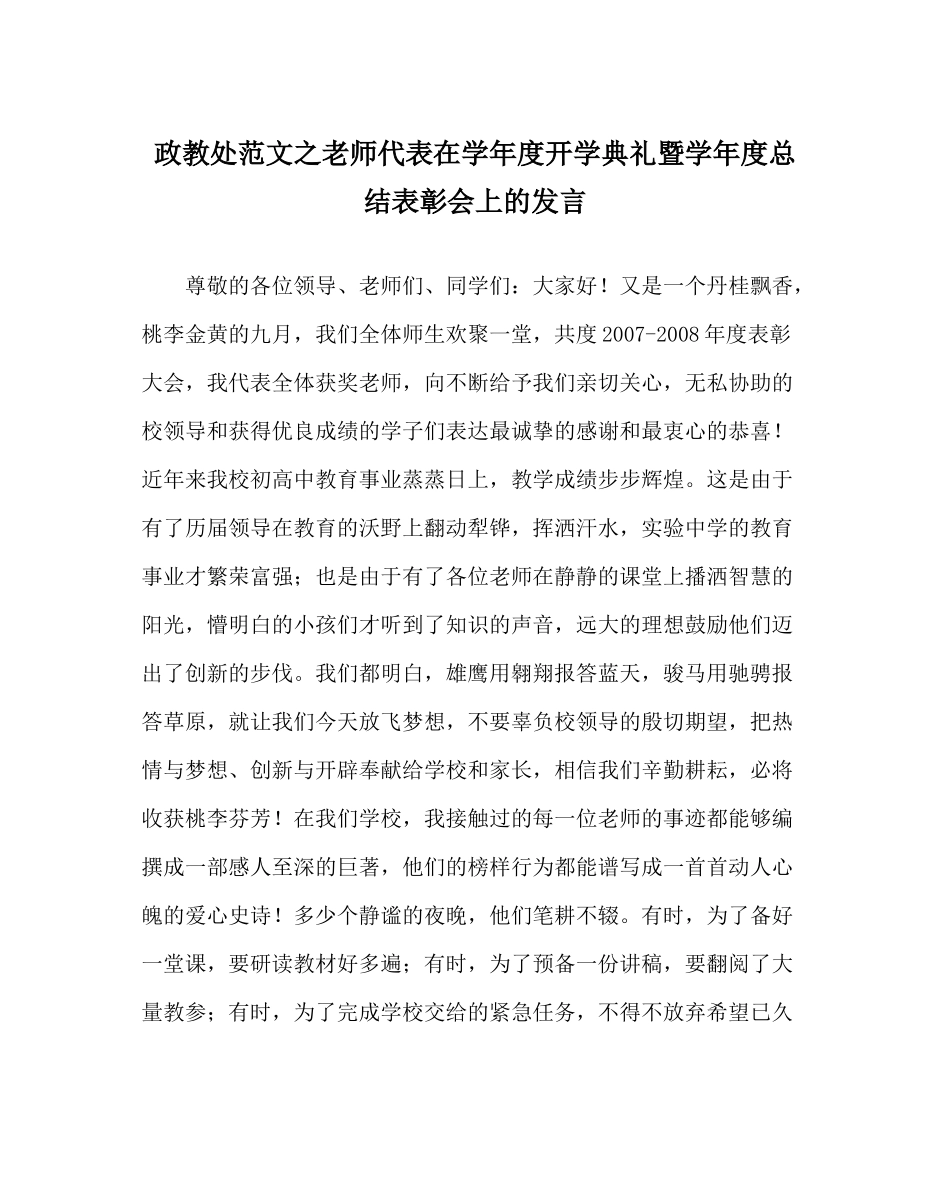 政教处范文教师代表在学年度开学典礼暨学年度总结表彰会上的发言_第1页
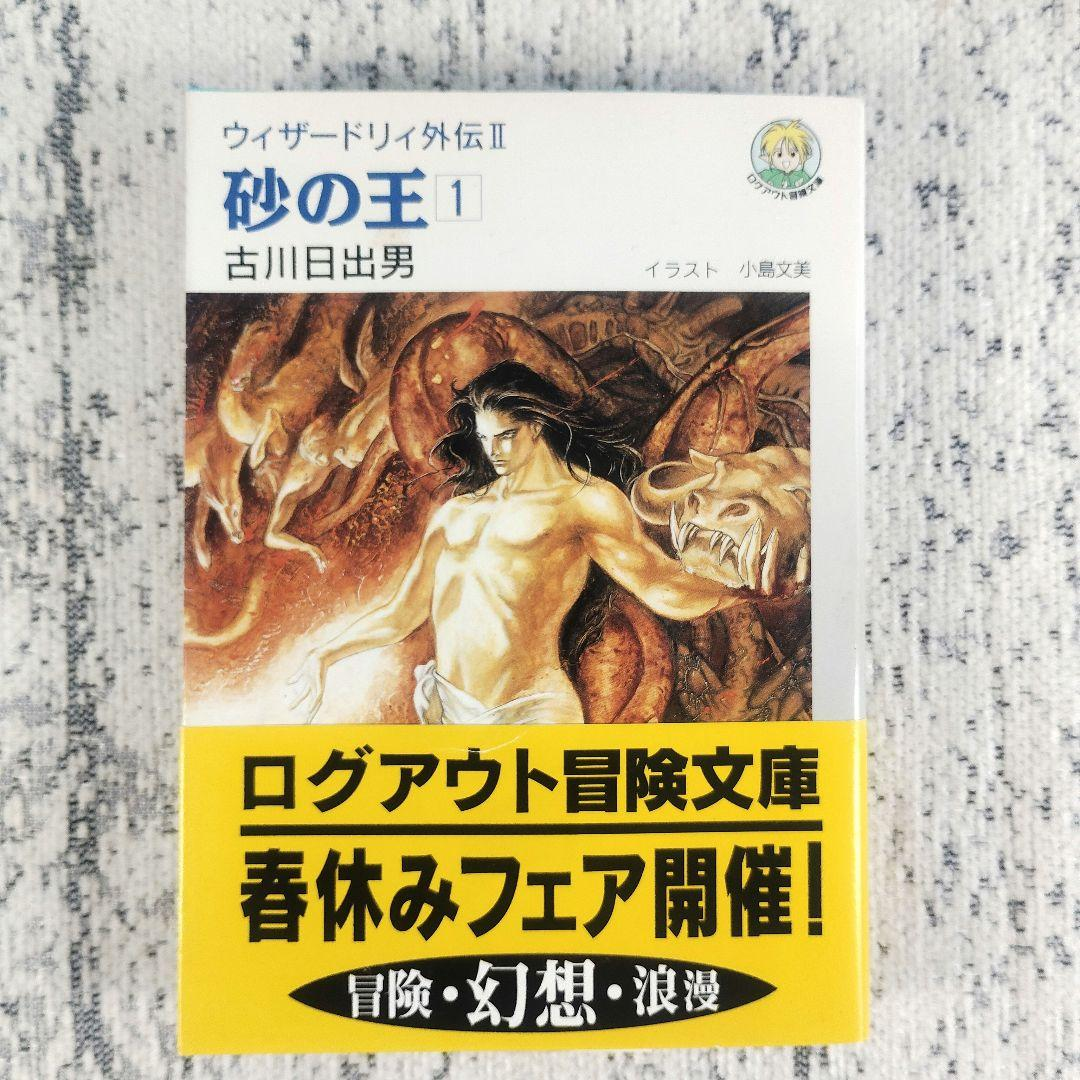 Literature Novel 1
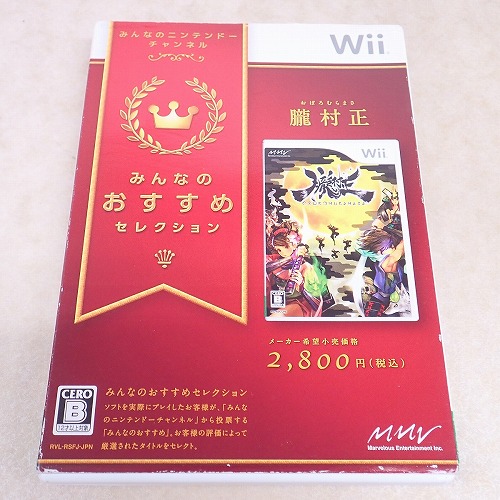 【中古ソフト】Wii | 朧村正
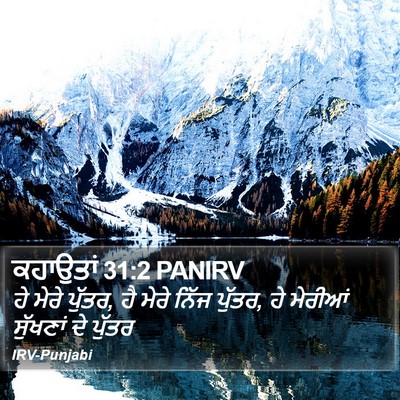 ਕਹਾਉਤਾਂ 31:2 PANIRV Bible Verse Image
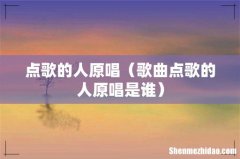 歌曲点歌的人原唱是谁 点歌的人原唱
++++
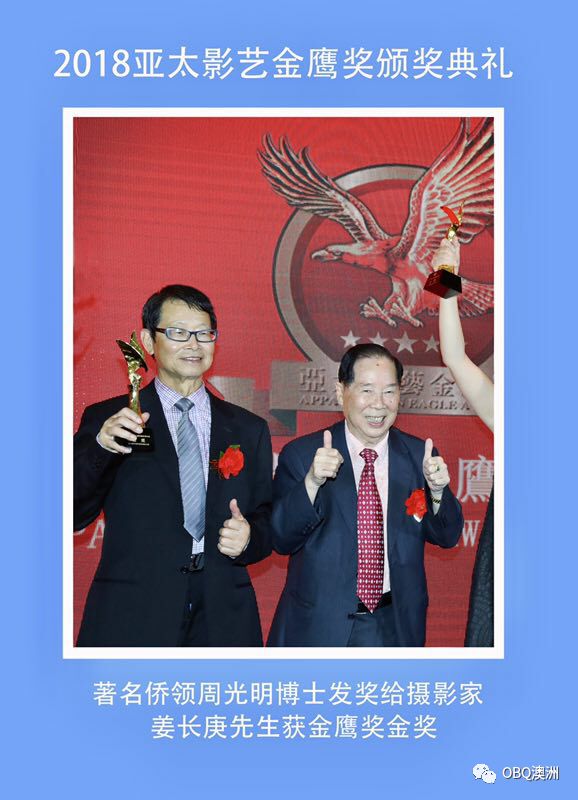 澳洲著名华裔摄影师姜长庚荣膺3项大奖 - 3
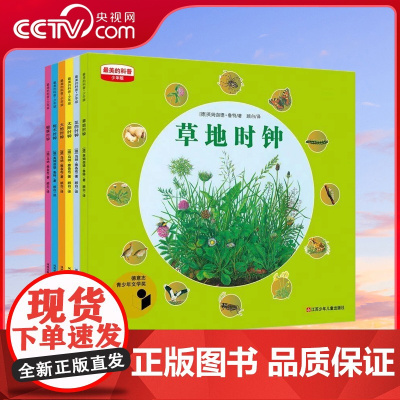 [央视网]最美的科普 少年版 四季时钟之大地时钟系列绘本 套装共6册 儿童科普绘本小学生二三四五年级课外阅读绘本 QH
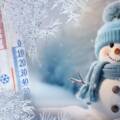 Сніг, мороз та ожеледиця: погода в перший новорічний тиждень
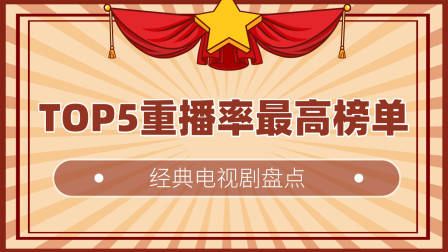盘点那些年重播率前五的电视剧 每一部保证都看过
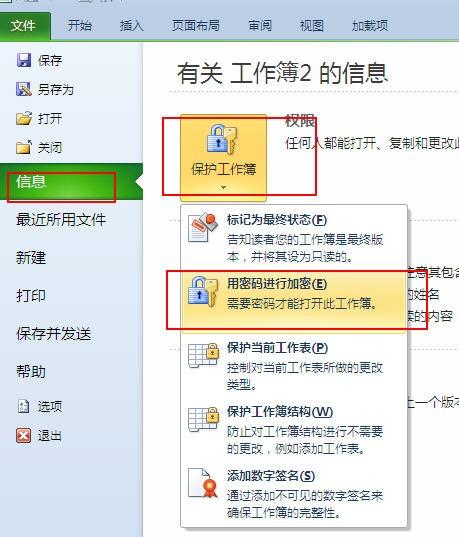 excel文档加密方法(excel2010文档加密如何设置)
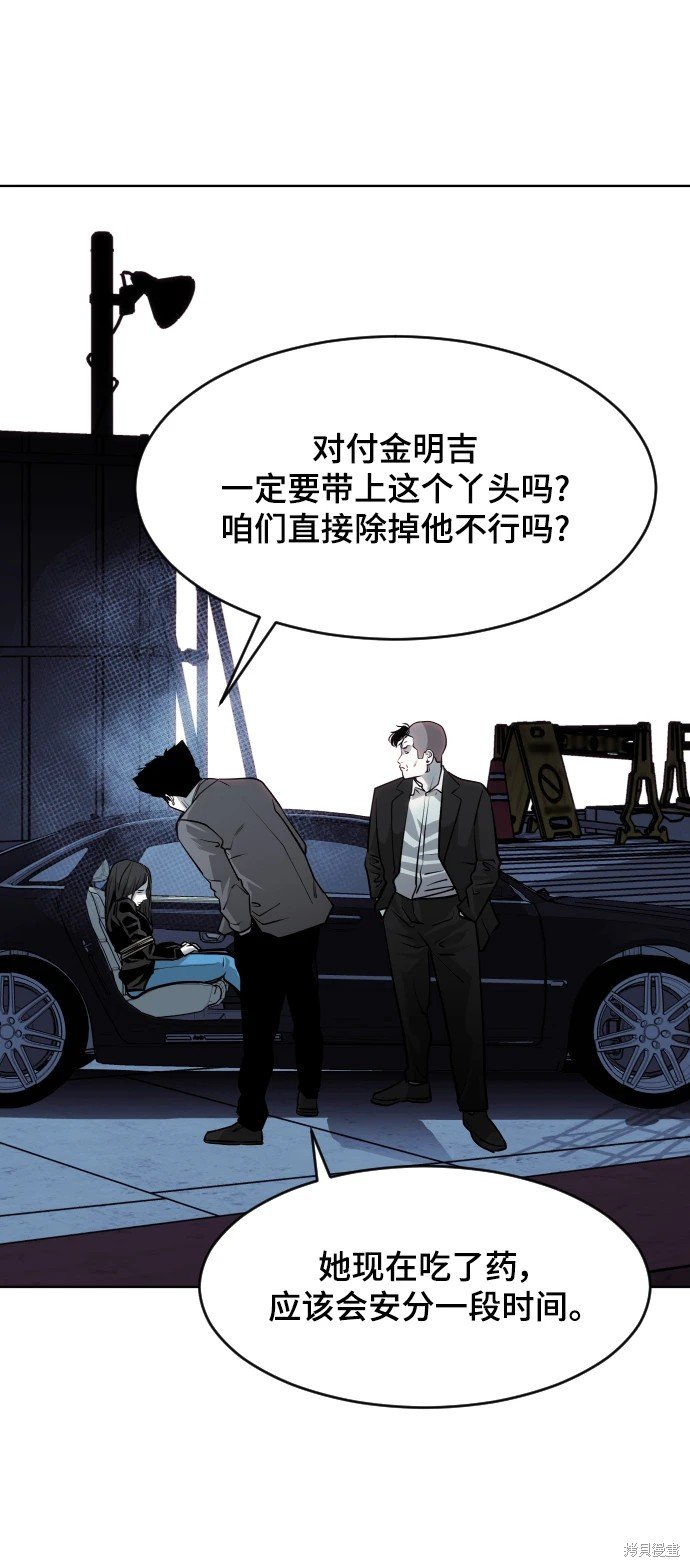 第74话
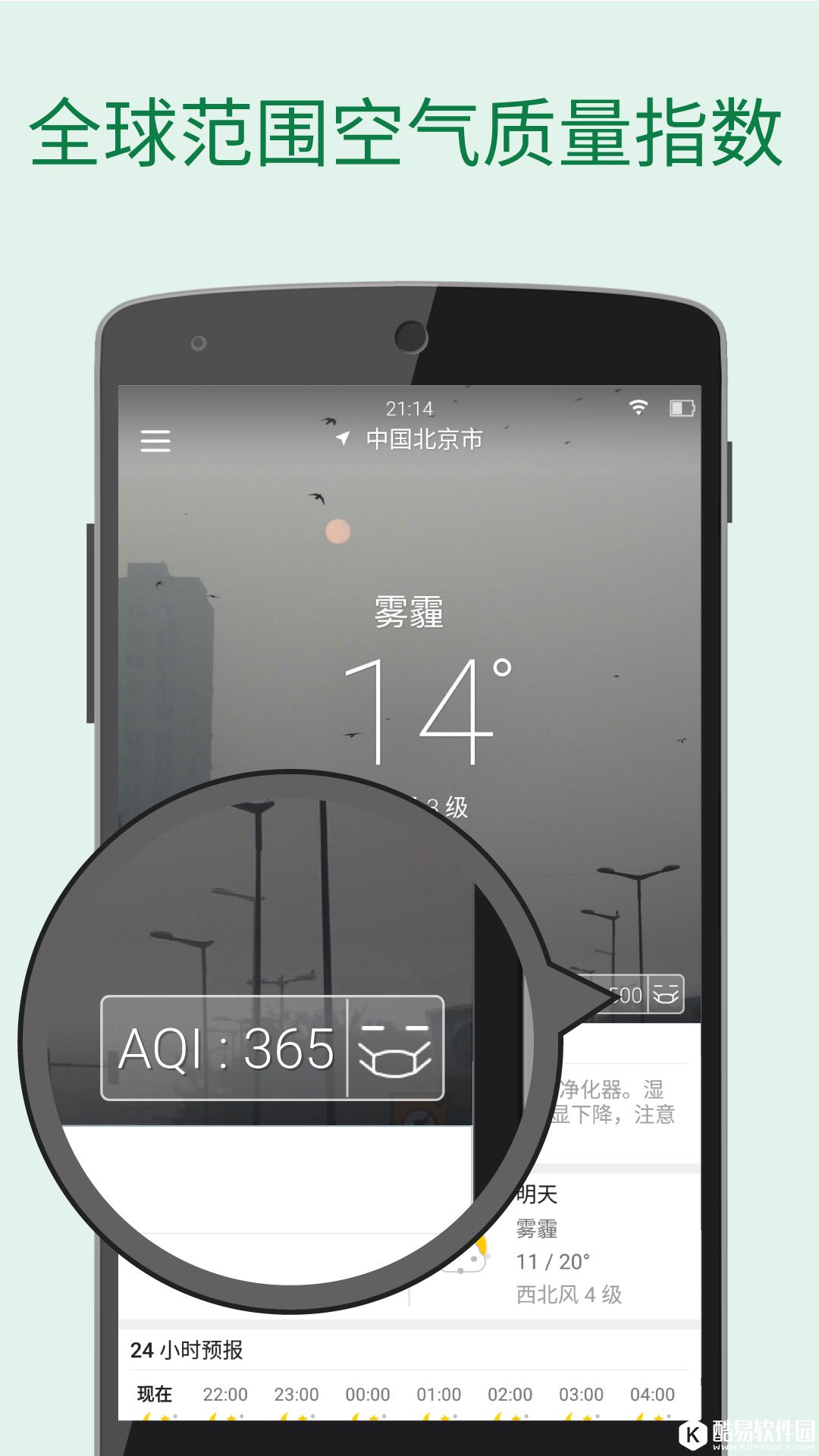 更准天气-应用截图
++++
TASK GOAL | Output only the lines above from the line that holds "政教处范文教师代表在学年度开学典礼暨学年度总结表彰会上的发言_第1页" through the line that holds "歌曲点歌的人原唱是谁 点歌的人原唱", both ends included, and exclude pictures.

EXERCISE RESULT |
 政教处范文教师代表在学年度开学典礼暨学年度总结表彰会上的发言_第1页
 Literature Novel 1
 【中古ソフト】Wii | 朧村正
 ਕਹਾਉਤਾਂ 31:2 PANIRV Bible Verse Image
 歌曲点歌的人原唱是谁 点歌的人原唱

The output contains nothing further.